▶ Problem details
Find the line below with "adidas M 3S FT FZ HD image 1" and the line with "Puzzle Princesses Disney". Output them and the lines between, exactly, but not the pictures.

▶ Data section
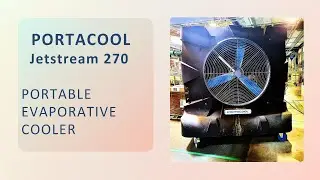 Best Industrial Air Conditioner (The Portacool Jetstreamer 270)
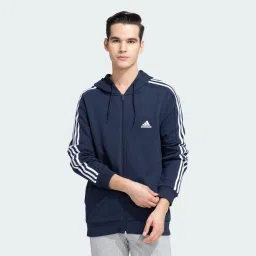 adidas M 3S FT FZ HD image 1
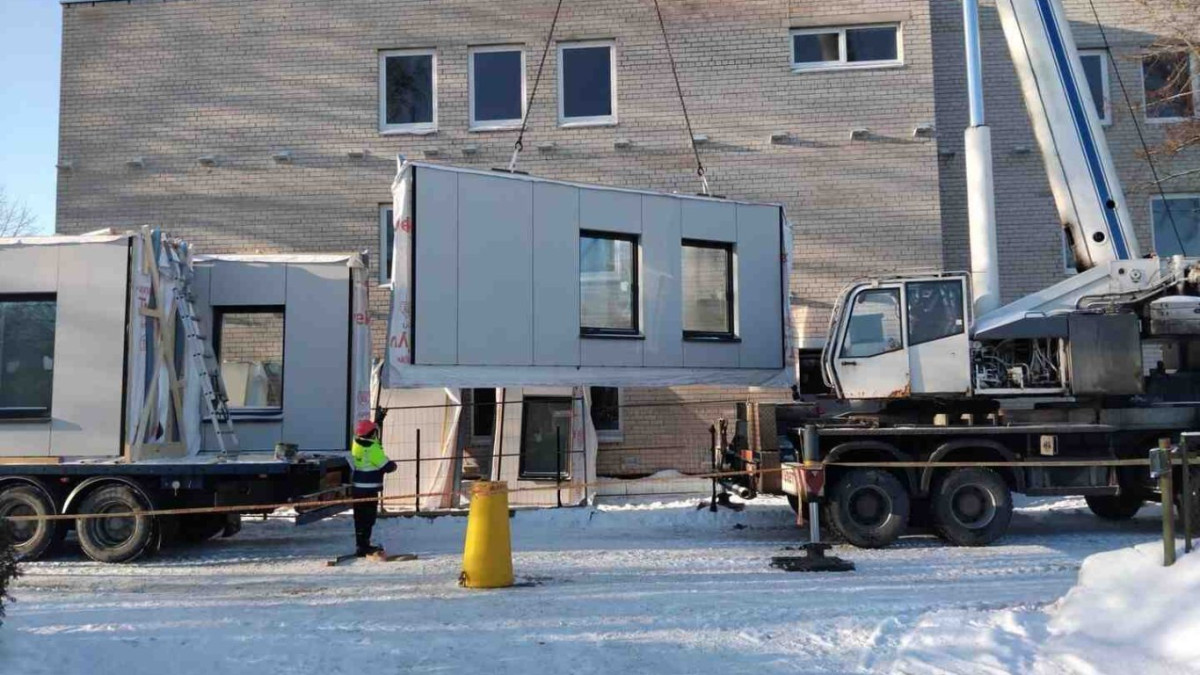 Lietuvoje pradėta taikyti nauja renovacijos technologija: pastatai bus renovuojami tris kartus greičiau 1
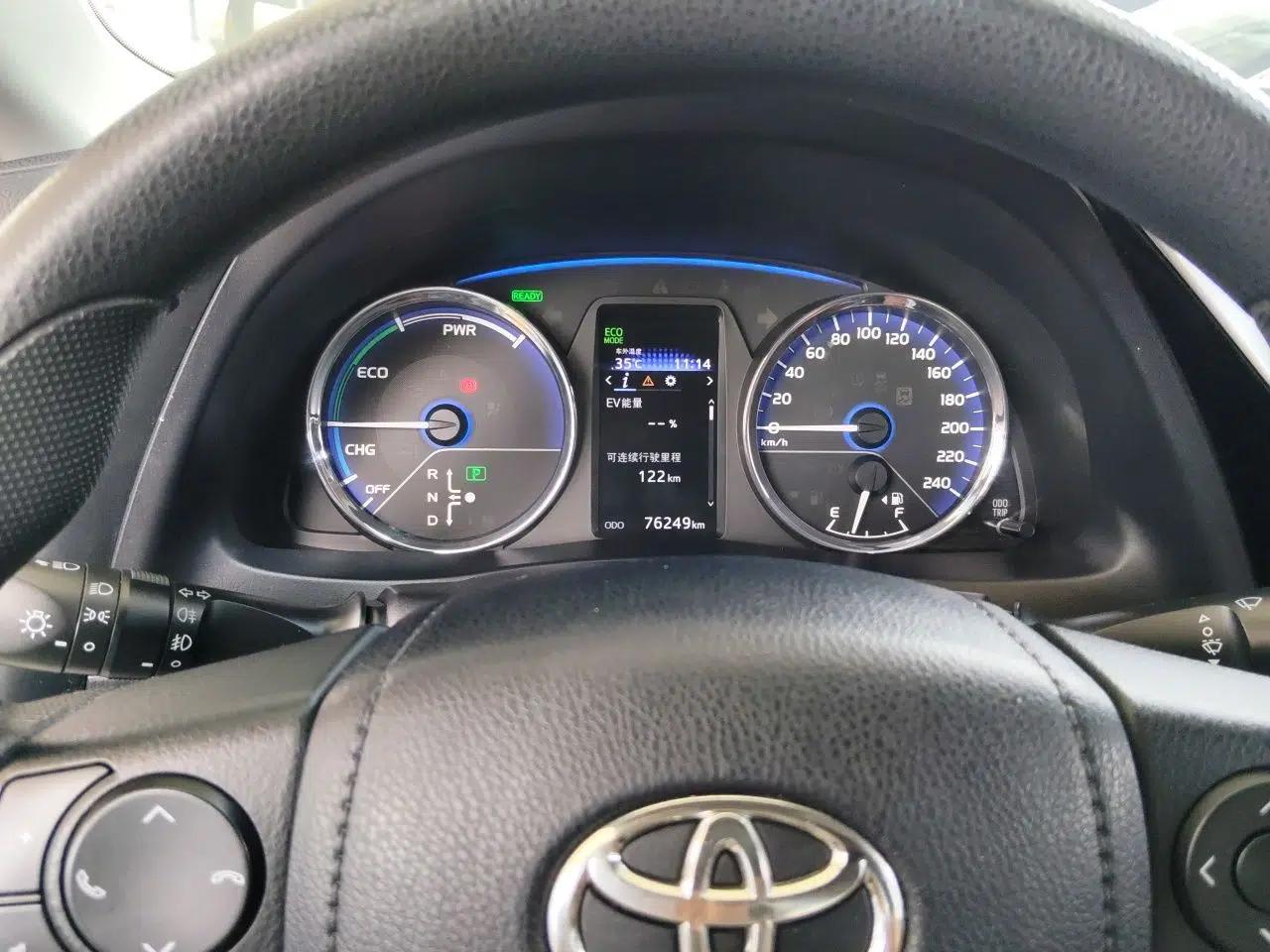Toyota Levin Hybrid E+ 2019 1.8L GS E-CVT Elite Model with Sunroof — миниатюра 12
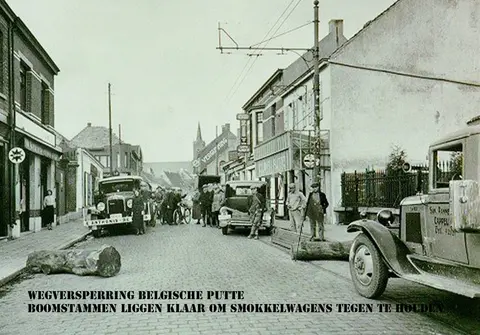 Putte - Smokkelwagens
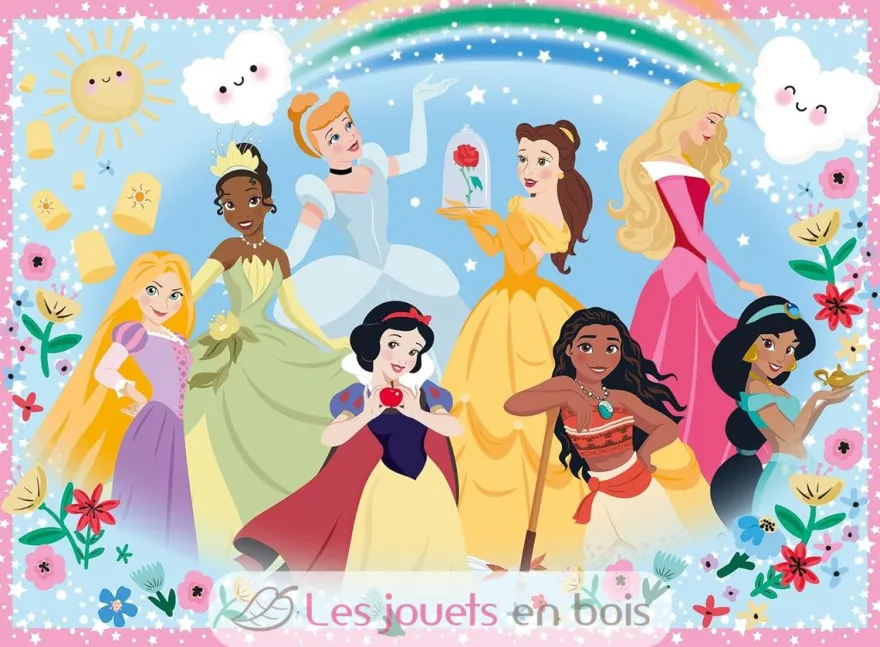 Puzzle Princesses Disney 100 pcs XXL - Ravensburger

* * *

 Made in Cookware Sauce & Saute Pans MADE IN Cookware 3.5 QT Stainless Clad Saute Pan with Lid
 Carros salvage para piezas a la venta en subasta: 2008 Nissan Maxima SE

▶ Output for this task
 adidas M 3S FT FZ HD image 1
 Lietuvoje pradėta taikyti nauja renovacijos technologija: pastatai bus renovuojami tris kartus greičiau 1
Toyota Levin Hybrid E+ 2019 1.8L GS E-CVT Elite Model with Sunroof — миниатюра 12
 Putte - Smokkelwagens
 Puzzle Princesses Disney 100 pcs XXL - Ravensburger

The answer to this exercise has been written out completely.